Your eslint.config.mjs imports and uses this export directly:

import { governanceDepConstraints } from './tools/governance/eslint/dependency-constraints.mjs';

export default [
  // ...
  {
    files: ['**/*.ts', '**/*.js'],
    rules: {
      '@nx/enforce-module-boundaries': [
        'error',
        {
          enforceBuildableLibDependency: true,
          depConstraints: governanceDepConstraints,
        },
      ],
    },
  },
];

The consequence: changing a domain rule in a profile JSON propagates automatically to both ESLint enforcement (on the next lint run) and governance reporting (on the next repo-boundaries run). No manual synchronisation, no drift.

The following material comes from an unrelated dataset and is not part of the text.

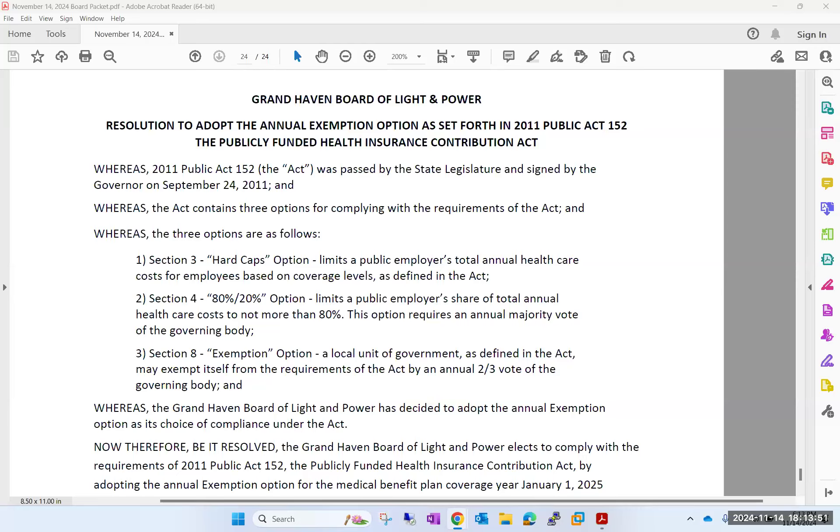No other comments? Danielle, would you call the roll, please? Crum? Yes. Pulliam? Yes. Welling? Yes. Westbrook? Yes.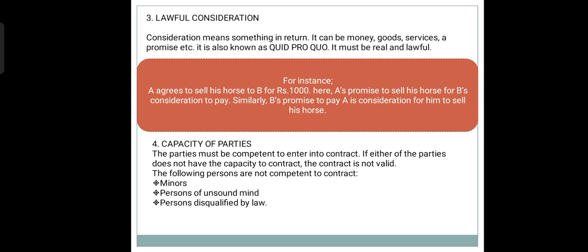For example, A agrees to sell his horse to B for Rs. 1000. Here, A's promise to sell his horse is for B's consideration to pay. Similarly, B's promise to pay A is the consideration for him to sell his horse.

When boundaryPolicySource is "eslint" in a profile, the governance executor also imports this module at runtime to use the same resolved constraint set as the active boundary policy, ensuring reports and lint share identical semantics.


CI integration

To fail a pipeline when governance violations are present:

# .github/workflows/ci.yml
- name: Governance health gate
  run: yarn nx repo-health --failOnViolation

- name: Boundary enforcement gate
  run: yarn nx repo-boundaries --failOnViolation

To archive the JSON report as a build artefact:

- name: Generate governance report
  run: yarn nx repo-health --output=json > governance-report.json

- uses: actions/upload-artifact@v4
  with:
    name: governance-report
    path: governance-report.json

To track health score trends over time, pipe the JSON output into your observability platform or store it alongside test coverage reports for historical comparison.